#### [Required action]
Leaving out each picture, transcribe the lines of the listing below exactly from the first through the line that contains "Melrose HALO Squiggle Grey".

── The data

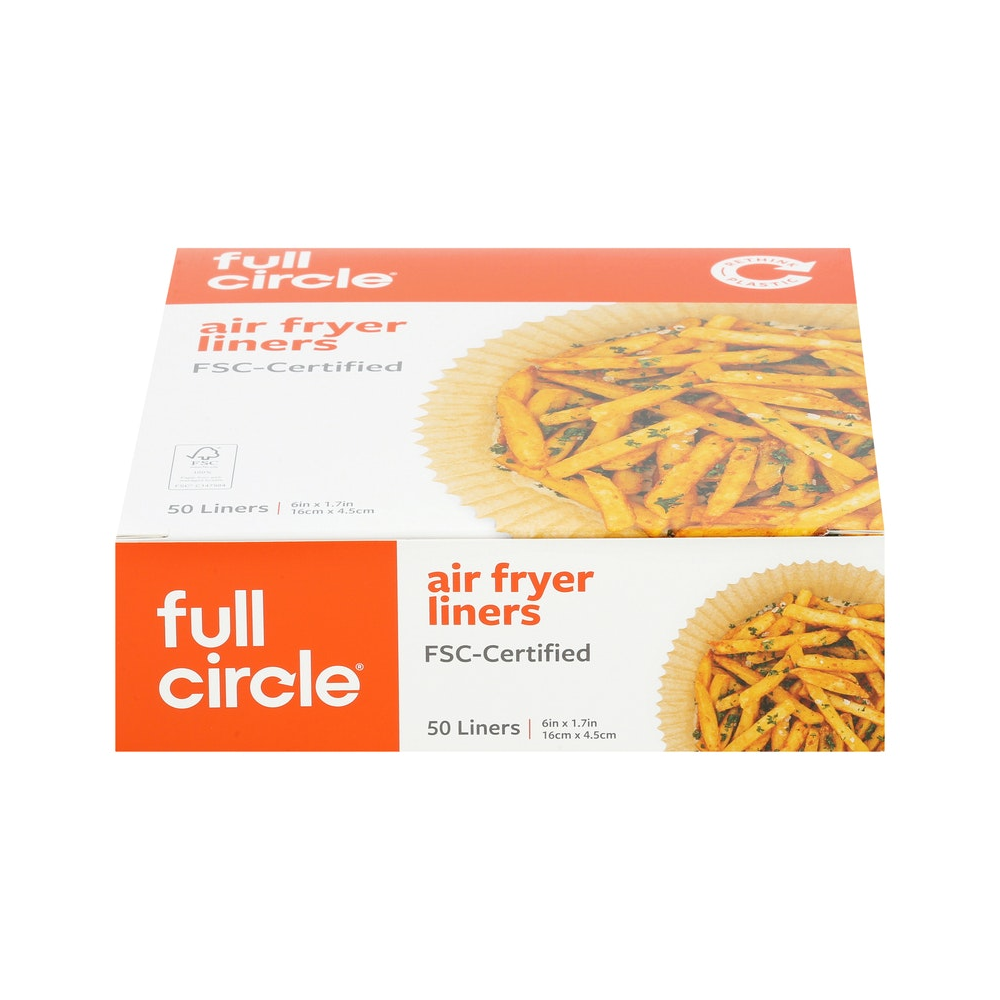 Full Circle logo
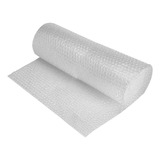 Rollo De Plastico Con Burbuja Pluribol De 100 Cm X 45 Mts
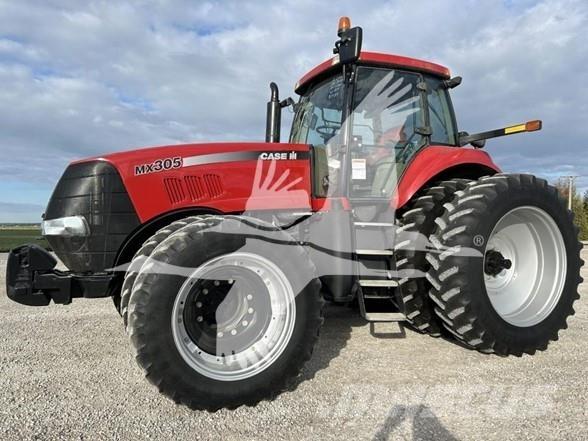 Case IH MX305 Tractors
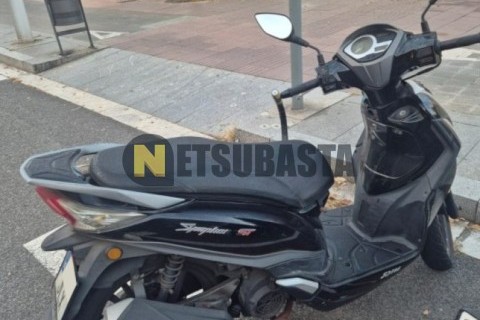 Yamaha XMAX 250 2011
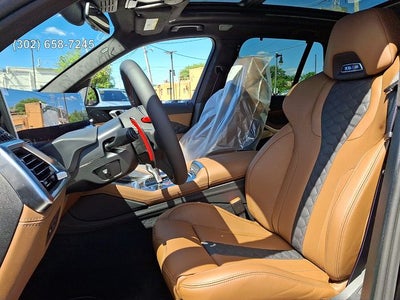 2026 BMW X5 M Competition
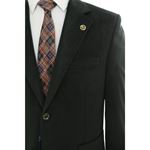 Image de KOYU FÜME KADİFE CEKET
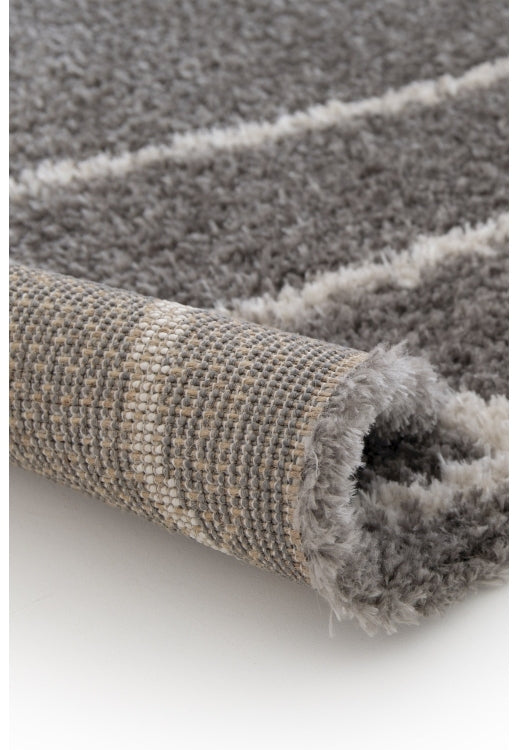 Melrose HALO Squiggle Grey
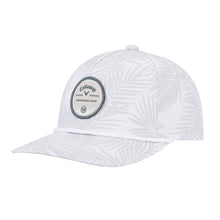 Load image into Gallery viewer, Callaway Bogey Free Mens Golf Hat 25 - Grey Palm/One Size
- 1
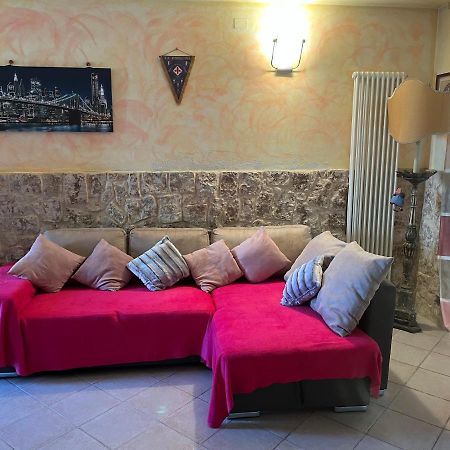 Apartmán Perfetto Relax Arena Metato Exteriér fotografie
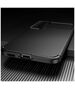 Case SAMSUNG GALAXY S22 Armored Shockproof Nexeri Carbon Fiber black 5904161122609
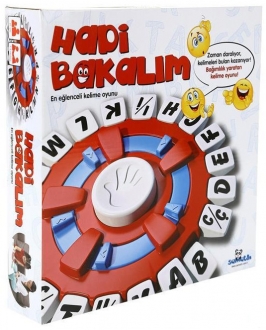 Hadi Bakalım G1002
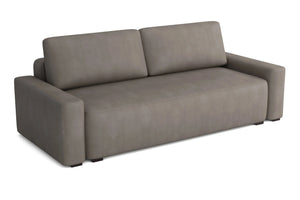 'Mocca Rosso' Kingsize Storage Sofa Bed SofaBedExpert.co.uk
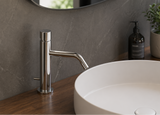 Amalia – Monocomando lavabo con scarico e varie rifiniture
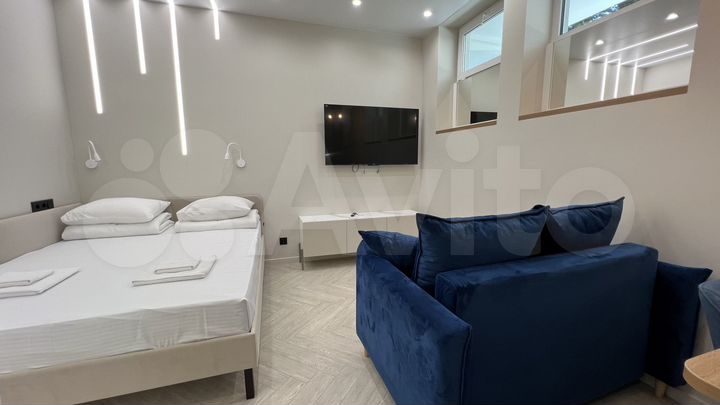 Квартира-студия, 24 м², 1/7 эт.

────

#### [Output for this exercise]
 Full Circle logo
 Rollo De Plastico Con Burbuja Pluribol De 100 Cm X 45 Mts
 Case IH MX305 Tractors
 Yamaha XMAX 250 2011
 2026 BMW X5 M Competition
 Image de KOYU FÜME KADİFE CEKET
 Melrose HALO Squiggle Grey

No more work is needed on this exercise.